:: Work order ::
When the word "image" appears in a line of the data below, list that line.

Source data
^^^^^^^^^^^^^^^^

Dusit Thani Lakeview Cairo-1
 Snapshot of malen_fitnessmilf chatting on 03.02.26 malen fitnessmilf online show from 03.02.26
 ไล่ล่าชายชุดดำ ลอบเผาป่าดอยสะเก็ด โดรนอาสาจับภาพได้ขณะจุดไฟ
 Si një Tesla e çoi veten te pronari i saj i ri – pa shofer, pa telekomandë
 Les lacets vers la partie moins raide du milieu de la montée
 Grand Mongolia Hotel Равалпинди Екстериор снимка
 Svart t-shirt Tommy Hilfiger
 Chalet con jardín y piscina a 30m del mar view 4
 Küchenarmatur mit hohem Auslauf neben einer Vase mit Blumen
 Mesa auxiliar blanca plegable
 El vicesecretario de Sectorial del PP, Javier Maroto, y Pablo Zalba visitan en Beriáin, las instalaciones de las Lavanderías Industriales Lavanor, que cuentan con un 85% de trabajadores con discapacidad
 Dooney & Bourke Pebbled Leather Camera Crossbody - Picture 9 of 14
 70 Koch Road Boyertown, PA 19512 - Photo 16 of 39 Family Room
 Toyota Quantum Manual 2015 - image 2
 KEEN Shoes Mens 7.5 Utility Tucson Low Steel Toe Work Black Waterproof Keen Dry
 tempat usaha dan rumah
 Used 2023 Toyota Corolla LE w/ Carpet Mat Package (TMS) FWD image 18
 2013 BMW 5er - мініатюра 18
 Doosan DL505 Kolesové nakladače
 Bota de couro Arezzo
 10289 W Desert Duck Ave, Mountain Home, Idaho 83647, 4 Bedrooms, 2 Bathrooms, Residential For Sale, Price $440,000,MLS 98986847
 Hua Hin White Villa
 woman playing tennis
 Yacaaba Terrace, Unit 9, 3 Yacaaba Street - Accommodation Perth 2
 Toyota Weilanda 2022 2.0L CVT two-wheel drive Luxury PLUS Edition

^^^^^^^^^^^^^^^^

:: Answer to this problem ::
 Toyota Quantum Manual 2015 - image 2
 Used 2023 Toyota Corolla LE w/ Carpet Mat Package (TMS) FWD image 18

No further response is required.